Lambily, her happiness is our happiness. It couldn’t have worked out better for us. And we all knew it was coming, non? Mimi and James were already “pre-engaged” in June. Any true Lamb could see then that James was worthy of our sequined queen. Because, as I noted at the time, Mimi doesn’t round the bases unless there’s a precious jewel waiting for her at each one, and home plate reserved for the biggest rock. That, by the way, isn’t necessarily the ring, either. What’s a ring when you can have your own jet? Or your own private island? The Isle of Mimi, somewhere in the Caribbean. It’s the perfect wedding gift from a billionaire to the elusive chanteuse. And where the butterfly’s wings will finally open all the way for entry. Remember, Mimi claims she’s chaste and won’t go all the way until the paperwork has been finalised. She definitely let him grab a double handful under her top last night though. I mean 35 carats is worth at least that.

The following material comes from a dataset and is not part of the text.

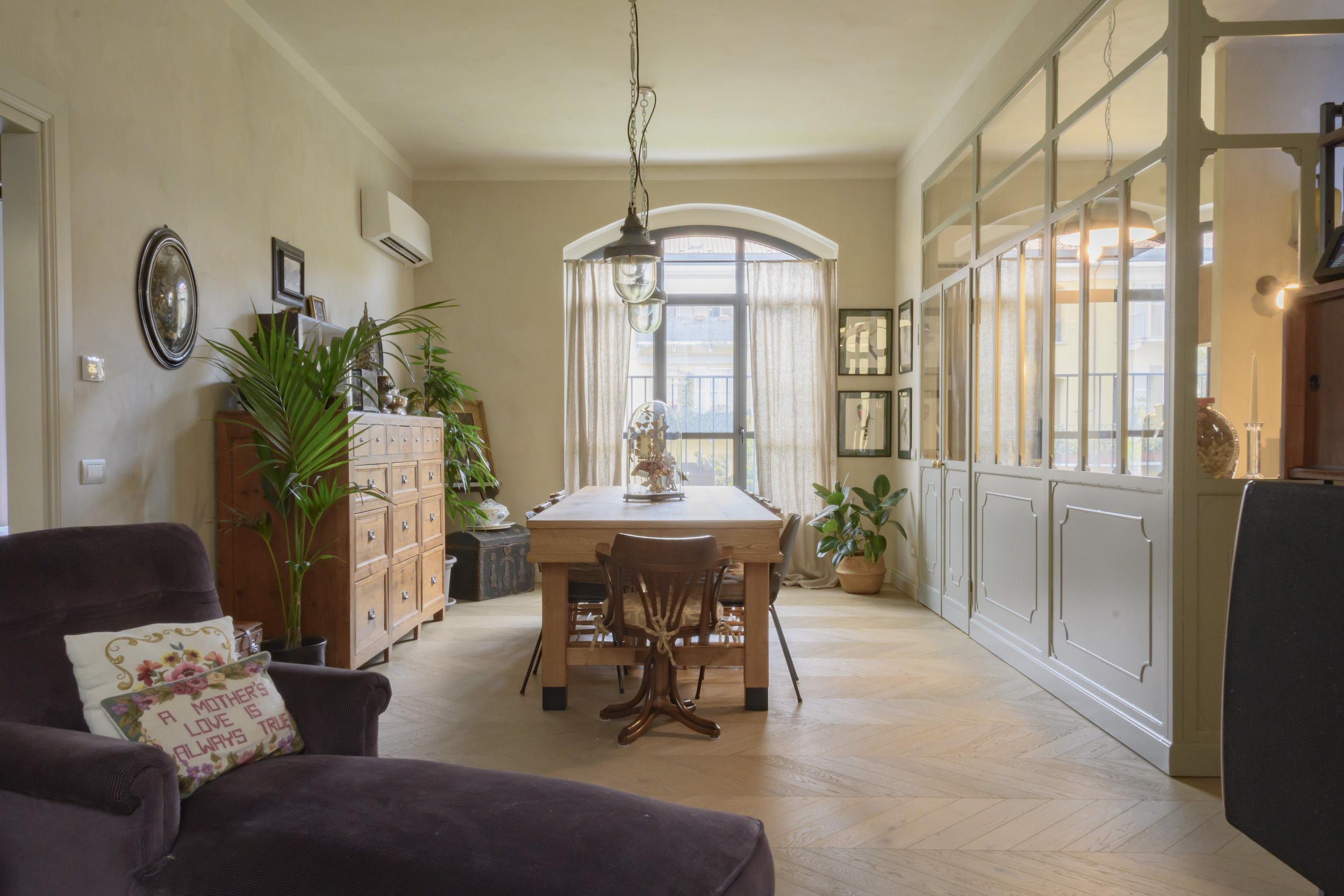 Zona living con finestra ad arco e vetrata vintage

Jacqueline Kennedy Onassis has been credited with the quote:

“The first time you marry for love, the second for money, and the third for companionship.”

For Mimi, the first time was money, the second was for love, and the third…

Will it be money AND companionship? Or, um, just straight up money?

Whatever. This is no time for cynicism. She’s marrying a billionaire. She’s marrying her Billionaire Hero.